Bad Bank- Everything You Need to Know

Bad Bank

The name ‘Bad Bank‘ itself intimate that it deals with something bad in the financial sector. The idea of starting a bad bank by the government was recently projected in the Economic Survey presented in January under the name ‘Centralized Public Sector Asset Rehabilitation Agency’ (PARA) that could take charge of the largest, most difficult cases, of non-performing assets (NPAs) in the banking system. The need for a government-owned bad bank has been felt for some time as the commercial banks are finding it difficult to deal with NPA or bad loan.

The Financial Stability Report, produced by the RBI, had said that the gross non-performing advances ratio increased to 9.1 per cent from 7.8 per cent between March and September 2016, pushing the overall stressed advances ratio to 12.3 per cent from 11.5 per cent.

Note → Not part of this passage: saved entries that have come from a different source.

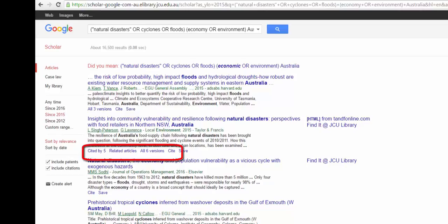Two that are very useful are the Cited By and Related Articles links. The Cited By link will show a list of newer articles that include the first article in the reference list. The Related Articles link will give us more articles on the topic of the first article.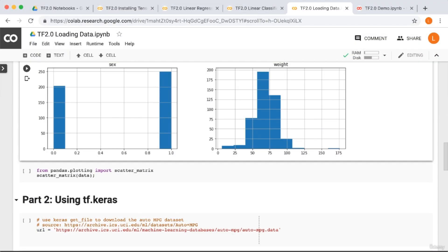Along the diagonal, it just plots a histogram of each feature, which we've already seen.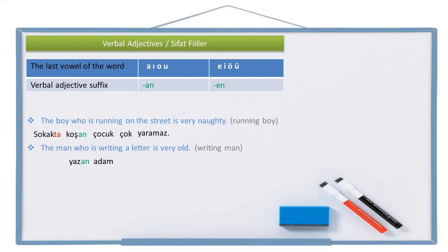Writing what? A letter — mektup. The man who is writing a letter: mektup yazan adam. Is very old — çok yaşlı. So the full sentence is: mektup yazan adam çok yaşlı.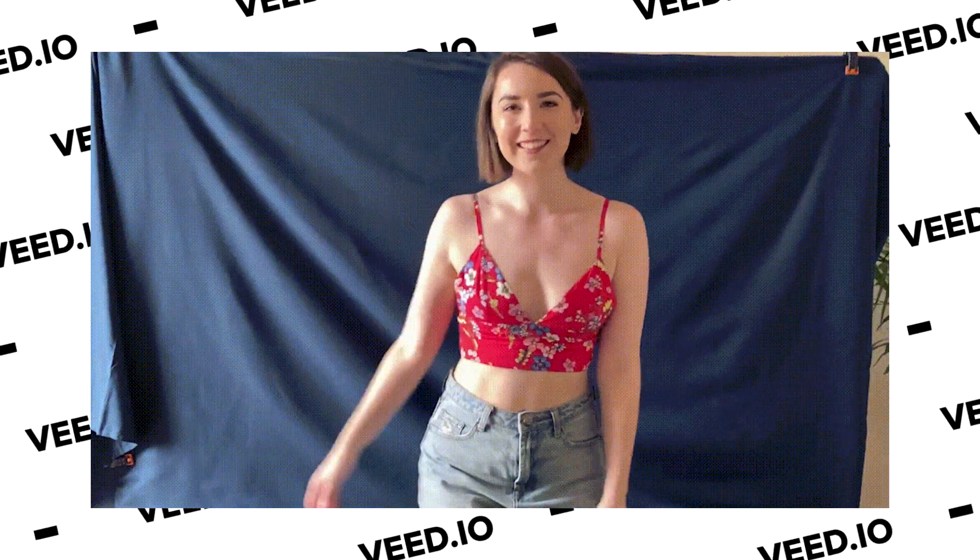In this video, I'm going to show you how to loop a YouTube video. Hey everyone, I'm Becca and to be able to do this we'll be using Veed, the online editing software.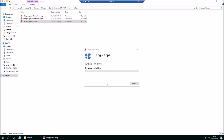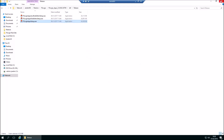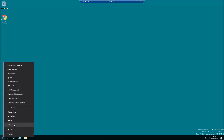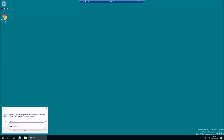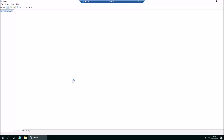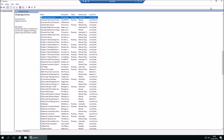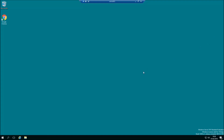Obviously in a production strategy you'd deploy FSLogix as part of the image or via a deployment tool like SCCM, but I'm just showing you here because it's dead quick and easy to do. FSLogix Apps is now installed. I'll just quickly check that the FSLogix App service is running, because I did a dry run of this before and the service didn't start - I looked like a fool because nothing worked.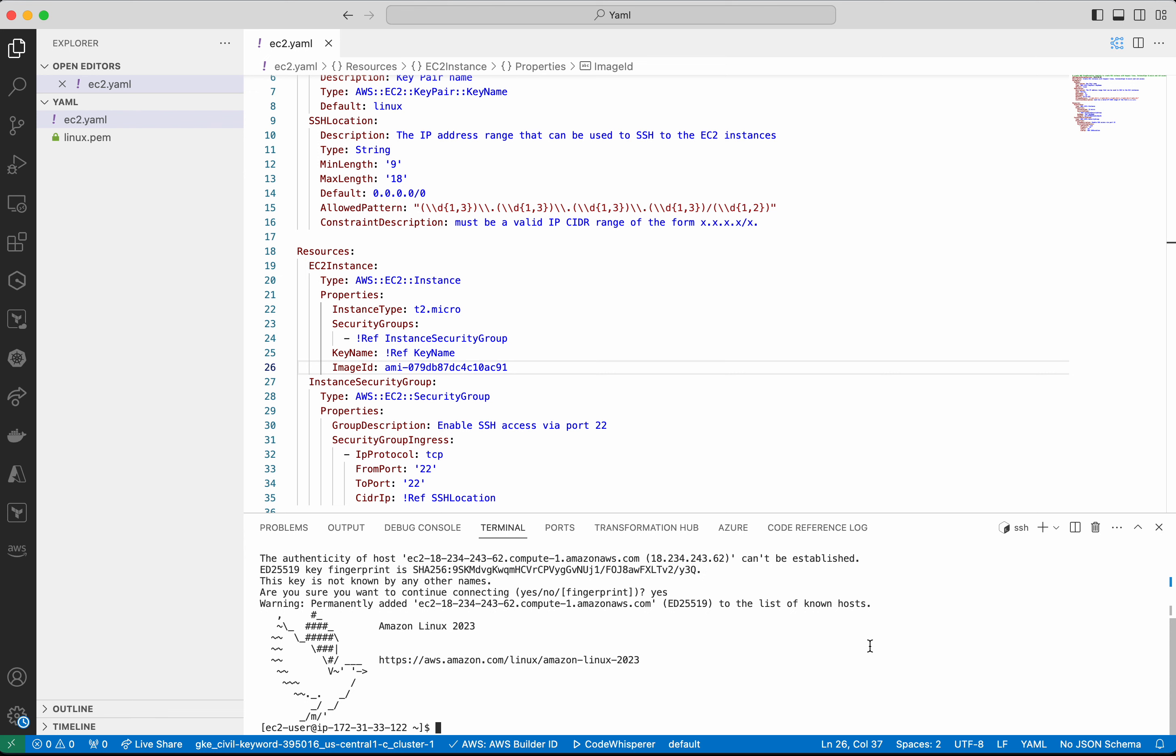In this demo we have seen how to generate AWS CloudFormation YAML template to create an EC2 instance with the help of Amazon CodeWhisperer. If you like this demo, please do like, share, and subscribe. Thanks for watching the demo.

India’s NPA ratio is higher than any other major emerging market, except Russia, the Economic Survey said. High NPAs have weighed down the Indian banking system’s capacity to lend money to the corporate sector, resulting in a drag on the country’s growth.

According to the Economic Survey, banks’ credit to the corporate sector till November 2016 in FY17  was minus 8 per cent. A downbeat growth in corporate lending means the industry will not be able to invest in new projects to generate jobs.

Even as the government has not charted out any guidelines on the structure of a bad bank, such an institution would be largely based on the principles of an asset restructuring company (ARC), which buys bad loans from the commercial banks at a discount and tries to recover the money from the defaulter by providing a systematic solution over a period of time. Since a bad bank specialises in loan recovery, it is expected to perform better than commercial banks, whose proficiency lies in lending.

At current, there seems to be a consensus building up on the need of creating a government owned bad bank, though former Reserve Bank of India Governor Raghuram Rajan was not in favour of such an entity.

“It is not clear (if) India needs a so-called “bad bank” to deal with non-performing loans, adding that it would be preferable to push banks to clean up balance sheets themselves” Mr Rajan had said. As the head of the central bank, Mr Rajan was more in favour of capitalising the banking system.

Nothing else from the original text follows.